Ratzinger fue el único hombre que he conocido que ha dimitido voluntariamente del máximo puesto. Con una humildad pasmosa, antepuso el bien del mundo al propio y se marchó a un convento oculto, del que no salió sino con los pies por delante. Aquel hombre nos enseñó que lo importante no son la fama ni el poder. Francisco, en fin, ha protagonizado el asombroso milagro de ser un hombre joven a pesar de su edad avanzada. Durante todos estos años me he preguntado cómo podía estar tan abierto a la evolución del mundo, tan dispuesto a escuchar a los demás, tan inclinado a aceptar los cambios. Lo natural en las personas es dejarse esclerotizar con la edad y hacerse progresivamente antiguos. Los años anclan en el pasado y predisponen contra las mutaciones. El papa Bergoglio nunca padeció ese mal. Le estimulaban las historias de las personas, se ponía en su lugar, empatizaba extraordinariamente con sus circunstancias vitales. Nadie tenía que avergonzarse ante él. Prostitutas, delincuentes, enfermos repulsivos para otros, homosexuales, divorciados, todos aparecían dignos ante sus ojos y era objeto de la misma misericordia que les dispensó el Señor cuando estuvo en la tierra. “¿Quién soy yo para juzgar?” decía.

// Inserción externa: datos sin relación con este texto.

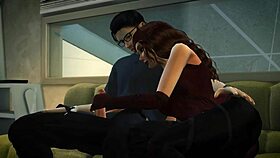 mystique in 3d hentai black sex preview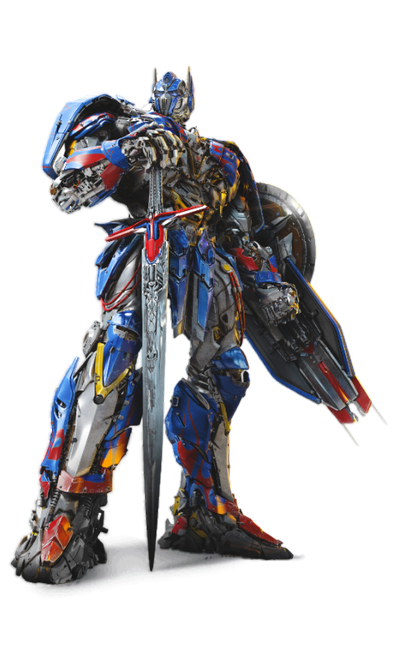 Transformers - Optimus Prime's Sword Of The Primus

Los pasos que Francisco ha dado para romper viejos moldes -que no derivan de la escritura ni la tradición- son tremendamente valientes. La Iglesia es lenta y muy prudente, a veces demasiado, y no le tembló la mano para explicarnos que no es nuestro papel condenar, sino acompañar. Que también los que pecan y se equivocan llevan un deseo de mejora en el corazón y que nos corresponde animarlos en el camino. El hombre no es un producto estático, asimilado a un momento fijo, es -lo hemos aprendido de él- un caminante en proceso, que requiere compasión, cariño y apoyo durante el recorrido. El final del itinerario sólo lo conoce Dios. Nos ha enseñado que un primer matrimonio errado -y probablemente nulo- puede ser seguido de una nueva relación santa y positiva para los hijos. Nos ha mostrado que los divorciados deben estar en el centro de la comunidad, porque sufren más y, en su camino, son un ejemplo de fidelidad en el dolor. Nos ha ayudado a abrazar a homosexuales y personas desconcertadas con su sexo, porque también ellos son un potencial que necesitamos. Nos ha señalado que mujeres y hombres somos iguales en autoridad, cosa que ni siquiera en el mundo está clara aún.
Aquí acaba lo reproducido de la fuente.